Thousands of visitors are taxing the infrastructure of the little towns of Bayfield and Cornucopia, Wisconsin, for a relatively rare chance to glimpse the “ice caves” on Lake Superior’s south shore.
But locals aren’t complaining. The tourism jolt amounts to a gold rush – or make that ice rush, Wisconsin Public Radio reports.
Cheryl O’Bryon at the Village Inn in Cornucopia said the inn is full and the restaurant bustling at a time of year when it’s typically silent as a winter snow.
“The last three weekends have been like nothing we’ve seen before,” O’Bryon told WPR. “It is definitely an economic miracle, there’s no doubt about that.”
As many as 4,000 tourists have trekked to the ice caves each weekend in the last few weeks, largely thanks to the region’s deep freeze. Lake Superior is nearly 94 percent ice-covered, the most since 1996.

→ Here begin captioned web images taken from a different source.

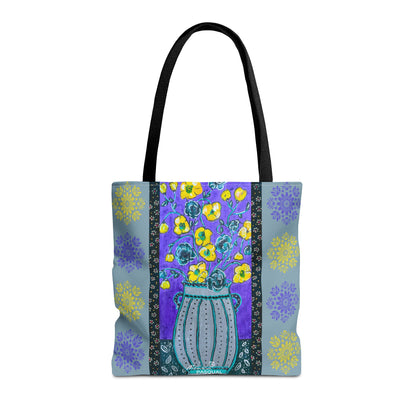 Tote Bag - Lavendar Vase by 'Monica in the Garden'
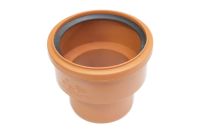 110mm Thick Clay Pipe Adaptor To PVC Spigot (polypropylene)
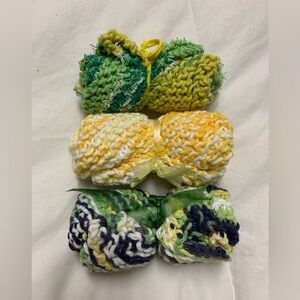 Hand Knit Cotton Dishcloths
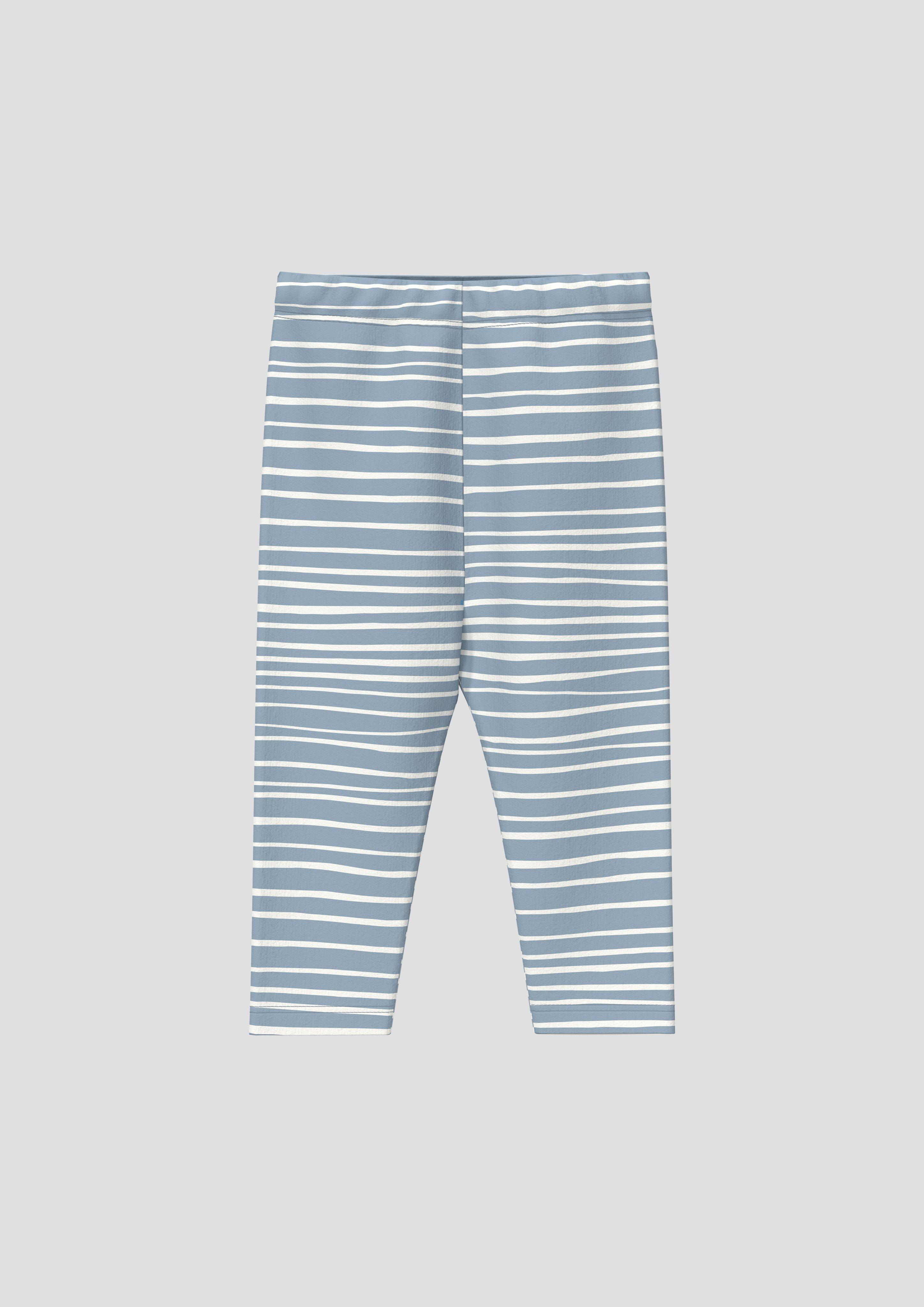 Kinder Unisex Leggings aus leichter Sweatware in blau von s.Oliver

So it’s relatively uncommon for Lake Superior to be so hardened that people can troop out onto it to see the red-rock shoreline cliffs and caves, encrusted with massive icicles (it was last accessible in 2009). In some cases, the ice itself forms the “caves,” where curtains of icicles several feet thick drape down from rock overhangs.
Visitors say the winter wonder is worth the trek. Want to go? A few things to know:
– You’ll likely have to walk at least 2 miles round-trip, probably longer because there won’t be parking near the lake access point.
– Parking is an issue. Visitors have been parking on Highway 13 and several side roads for a mile or two in either direction of the sea caves access point at Meyers Beach. This past weekend, locals were running shuttle buses to the lake access point from Ehler’s Store in Cornucopia, as well as from a plowed farm field-turned-parking lot at Happy Hollow Road and Highway 13.
– Give yourself time, and you might consider a hotel. It’s nearly four hours from the Twin Cities, and plan about three hours to walk to the site, explore the splendor, and hike back. A BringMeTheNews staffer on Saturday night stayed at the Best Western in nearby Ashland, which has a hot tub – a nice way to end the day.
– It’s overstating the obvious, but dress for the cold. If your toes go numb, you’ll be a long walk from any way to warm up.
– Call the National Park Service Ice Line for the latest condition, 715-779-3397, ext. 3. Here’s just about anything else you’ll want to know, from the National Park Service. You might check out Bayfield’s Facebook page for the latest on conditions and more info on getting to the caves:
A few photos from Saturday by BringMeTheNews’ Ben Grove:
The crowd really doesn’t hinder the experience much – it’s a lot of people, but they are spread out along along shoreline. And it’s actually kind of nice to share the experience with other awe-inspired strangers.
The ice itself forms caves in some spots. In other places, natural rock caves are encrusted with ice.